And if the  cgroup's are not setup as you mentioned the interface will
return a failure(with a proper logs) and the daemon will retry after some
time.
And this also helps us to keep track of PID to UUID mapping at daemon level.


>> Also what would the kernel API look like for this?  Would it have to
>> be driver-specific?
>
> The API should be generic and it should not be driver-specific.

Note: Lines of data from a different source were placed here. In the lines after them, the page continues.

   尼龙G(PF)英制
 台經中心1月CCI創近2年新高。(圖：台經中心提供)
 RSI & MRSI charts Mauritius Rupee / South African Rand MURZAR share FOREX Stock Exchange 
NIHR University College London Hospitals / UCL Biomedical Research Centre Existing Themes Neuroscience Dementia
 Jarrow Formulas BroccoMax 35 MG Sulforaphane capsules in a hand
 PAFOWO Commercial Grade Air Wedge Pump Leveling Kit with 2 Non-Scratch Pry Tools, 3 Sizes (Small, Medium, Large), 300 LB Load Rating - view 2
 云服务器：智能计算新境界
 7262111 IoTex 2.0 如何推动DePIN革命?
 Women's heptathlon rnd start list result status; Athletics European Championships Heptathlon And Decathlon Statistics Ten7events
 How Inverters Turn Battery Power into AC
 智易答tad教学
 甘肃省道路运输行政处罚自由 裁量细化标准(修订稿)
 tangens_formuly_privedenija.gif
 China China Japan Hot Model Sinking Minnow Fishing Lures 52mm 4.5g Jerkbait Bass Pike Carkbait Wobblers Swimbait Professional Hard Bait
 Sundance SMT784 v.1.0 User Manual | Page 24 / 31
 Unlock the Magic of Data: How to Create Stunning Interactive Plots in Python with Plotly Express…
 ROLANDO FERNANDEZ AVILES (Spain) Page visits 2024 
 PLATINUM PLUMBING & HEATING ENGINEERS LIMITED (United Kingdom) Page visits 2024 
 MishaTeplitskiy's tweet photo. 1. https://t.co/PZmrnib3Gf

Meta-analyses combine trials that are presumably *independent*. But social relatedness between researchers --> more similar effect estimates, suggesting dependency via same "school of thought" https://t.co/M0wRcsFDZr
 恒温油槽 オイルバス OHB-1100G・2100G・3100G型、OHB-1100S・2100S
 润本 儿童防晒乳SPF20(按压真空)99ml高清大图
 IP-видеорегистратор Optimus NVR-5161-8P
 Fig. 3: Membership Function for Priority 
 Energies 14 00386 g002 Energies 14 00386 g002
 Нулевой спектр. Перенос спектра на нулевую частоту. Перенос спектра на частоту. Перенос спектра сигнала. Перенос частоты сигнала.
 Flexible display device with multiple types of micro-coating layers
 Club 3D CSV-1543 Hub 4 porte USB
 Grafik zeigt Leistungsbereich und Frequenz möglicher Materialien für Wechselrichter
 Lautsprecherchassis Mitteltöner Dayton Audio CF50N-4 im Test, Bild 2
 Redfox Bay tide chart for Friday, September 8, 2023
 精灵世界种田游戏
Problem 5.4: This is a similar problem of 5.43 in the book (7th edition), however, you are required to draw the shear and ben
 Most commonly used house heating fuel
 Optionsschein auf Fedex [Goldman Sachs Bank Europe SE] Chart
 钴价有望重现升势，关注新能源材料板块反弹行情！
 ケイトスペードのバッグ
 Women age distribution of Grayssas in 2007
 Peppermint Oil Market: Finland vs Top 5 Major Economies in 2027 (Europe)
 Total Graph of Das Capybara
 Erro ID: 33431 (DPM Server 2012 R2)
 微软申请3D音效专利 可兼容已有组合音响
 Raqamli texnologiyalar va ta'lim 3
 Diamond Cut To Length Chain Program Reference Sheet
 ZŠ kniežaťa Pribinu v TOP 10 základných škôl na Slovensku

>So it would be a new file in /dev, whose only function is to set up a UUID
>for a cgroup?

I will work with James Smart and check whether we can use any of the
existing interface for the same and will share the details.

>Paolo

Regards,
Muneendra.

Paolo Bonzini Aug. 7, 2020, 11:38 a.m. UTC | #17

On 07/08/20 13:24, Muneendra Kumar M wrote:
> Hi Paolo,
> Below are my replies.
> 
>>> 3.As part of this interface user/deamon will provide the details of
>>> VM such as UUID,PID on VM creation to the transport .
>>> The VM process, or the container process, is likely to be
>>> unprivileged and cannot obtain the permissions needed to do this;
>>> therefore, you need to cope with the situation where there is no PID
>>> yet in the cgroup, because the tool >that created the VM or container
>>> might be initializing the cgroup, but it might not have started the
>>> VM yet.  In that case there would be no PID.
>>
>> Agreed.A
>> small doubt. If the VM is started (running)then we can have the PID and
>> we
>> can use the  PID?
>> Yes, but it's too late when the VM is started.  In general there's no
>> requirement that a cgroup is setup shortly before it is populated.
>
> This should be ok .
>
> The fabric  interface just provides a mechanism to store user
> specific data into a pid blkcg
>
> Before the daemon issues the UUID and pid to the fabric interface, it needs
> to check whether the VM is in running state or not.
>
> If it the VM is in running state then only it issues the VM details.
>
> And if the  cgroup's are not setup as you mentioned the interface will
> return a failure(with a proper logs) and the daemon will retry after some
> time.
>
> And this also helps us to keep track of PID to UUID mapping at daemon level.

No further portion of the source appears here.